* Task details *
Reproduce exactly the lines of this material that begin at the line with "11th Avenue Expressway" and end at the line with "House in New", both included. Omit the pictures and everything else.

* Data shown *

-.-.-

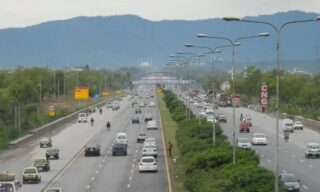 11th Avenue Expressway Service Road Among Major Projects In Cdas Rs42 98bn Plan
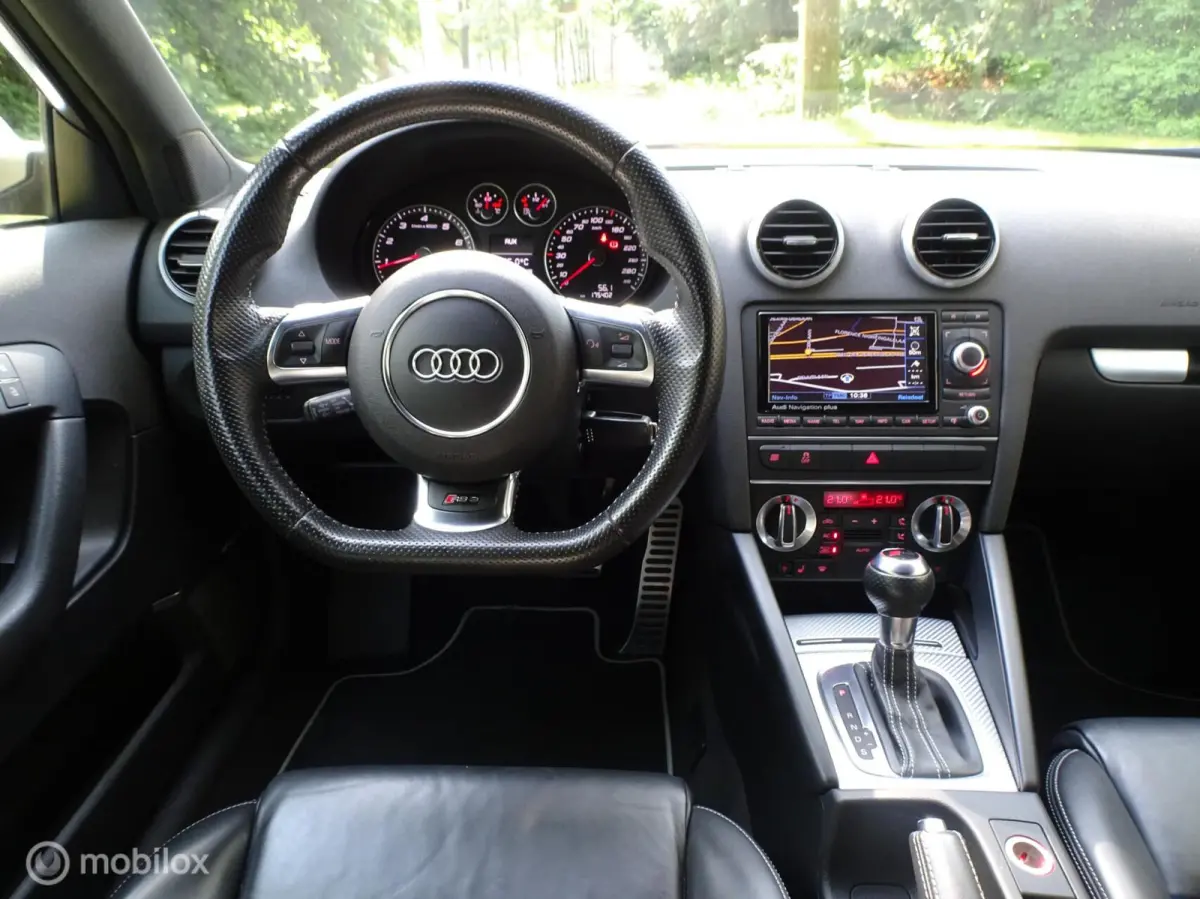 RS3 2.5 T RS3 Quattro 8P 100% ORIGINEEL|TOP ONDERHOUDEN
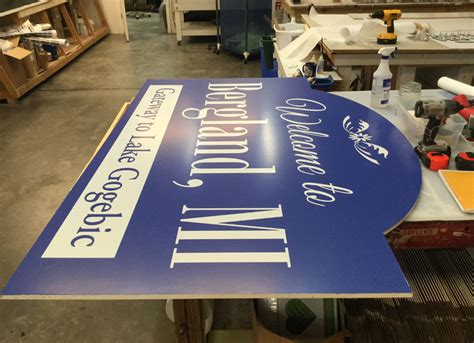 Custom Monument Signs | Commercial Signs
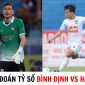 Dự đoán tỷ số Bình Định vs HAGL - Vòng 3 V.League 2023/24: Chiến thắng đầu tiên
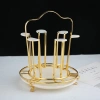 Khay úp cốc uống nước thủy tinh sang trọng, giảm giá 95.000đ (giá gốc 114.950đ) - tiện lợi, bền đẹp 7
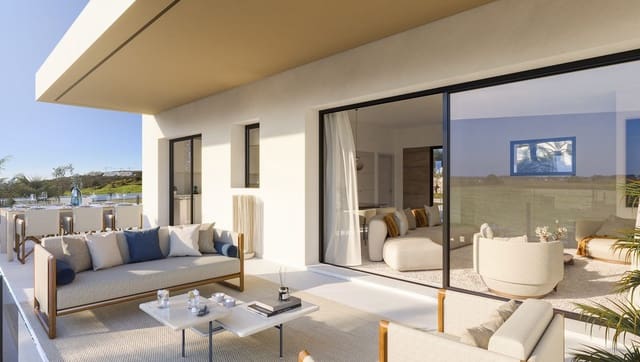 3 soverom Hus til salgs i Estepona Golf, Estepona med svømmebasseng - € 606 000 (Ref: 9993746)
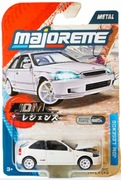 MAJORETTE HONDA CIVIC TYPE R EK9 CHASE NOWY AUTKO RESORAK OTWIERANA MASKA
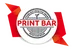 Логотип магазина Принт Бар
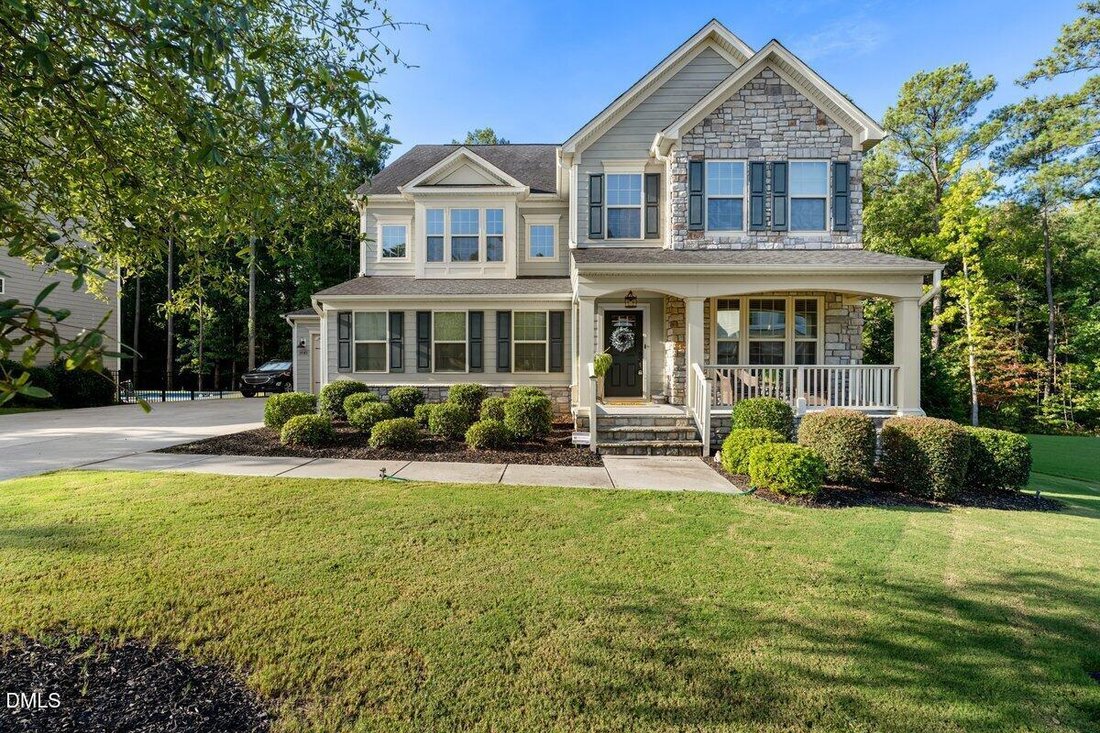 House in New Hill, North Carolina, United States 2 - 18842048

-.-.-

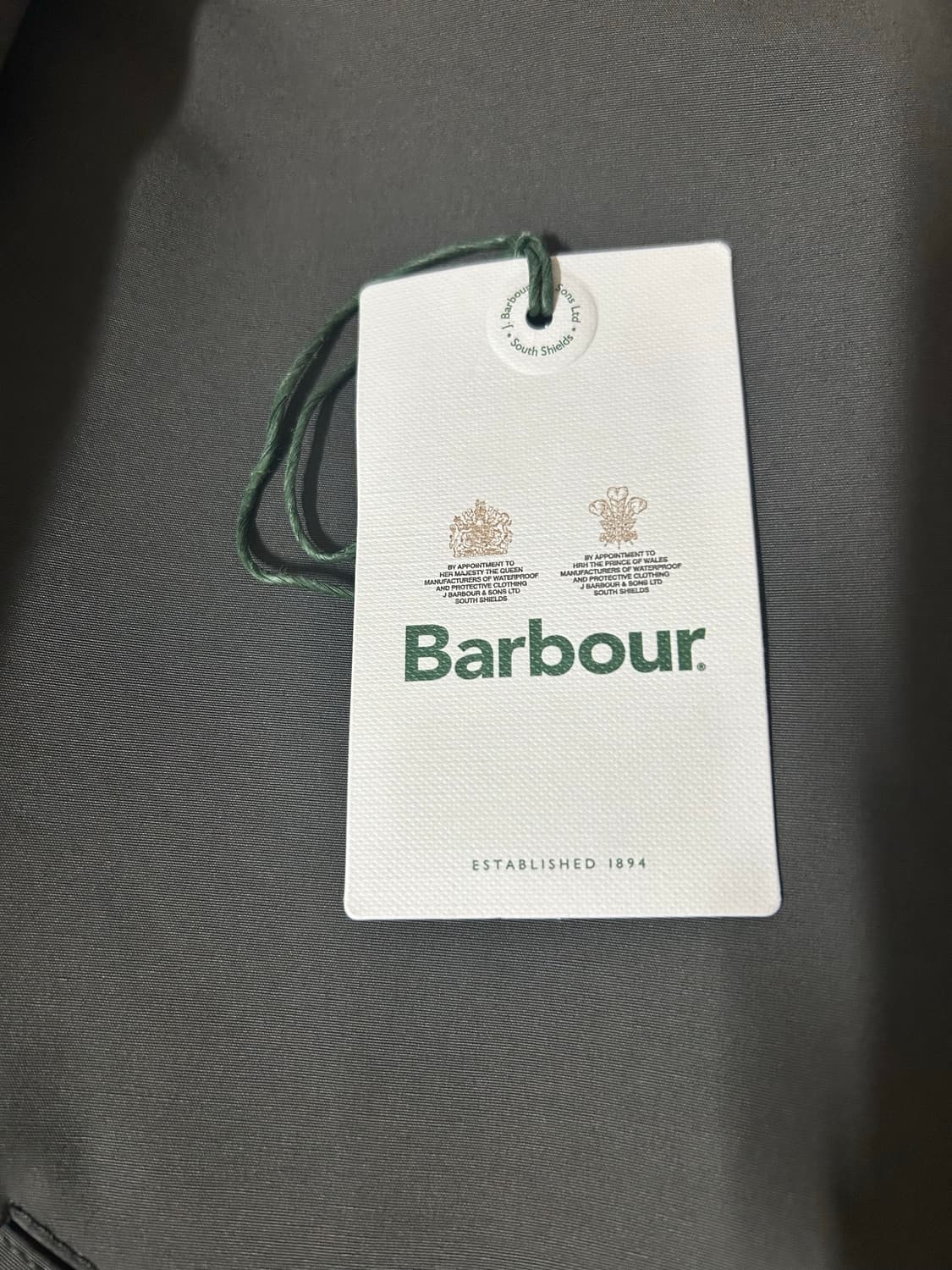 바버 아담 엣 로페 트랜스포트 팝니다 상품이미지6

-.-.-

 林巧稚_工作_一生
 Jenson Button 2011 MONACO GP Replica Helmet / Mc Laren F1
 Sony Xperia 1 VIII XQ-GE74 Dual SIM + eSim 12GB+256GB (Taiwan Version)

-.-.-

* Exercise answer *
 11th Avenue Expressway Service Road Among Major Projects In Cdas Rs42 98bn Plan
 RS3 2.5 T RS3 Quattro 8P 100% ORIGINEEL|TOP ONDERHOUDEN
 Custom Monument Signs | Commercial Signs
 Dự đoán tỷ số Bình Định vs HAGL - Vòng 3 V.League 2023/24: Chiến thắng đầu tiên
 Khay úp cốc uống nước thủy tinh sang trọng, giảm giá 95.000đ (giá gốc 114.950đ) - tiện lợi, bền đẹp 7
 3 soverom Hus til salgs i Estepona Golf, Estepona med svømmebasseng - € 606 000 (Ref: 9993746)
 MAJORETTE HONDA CIVIC TYPE R EK9 CHASE NOWY AUTKO RESORAK OTWIERANA MASKA
 Логотип магазина Принт Бар
 House in New Hill, North Carolina, United States 2 - 18842048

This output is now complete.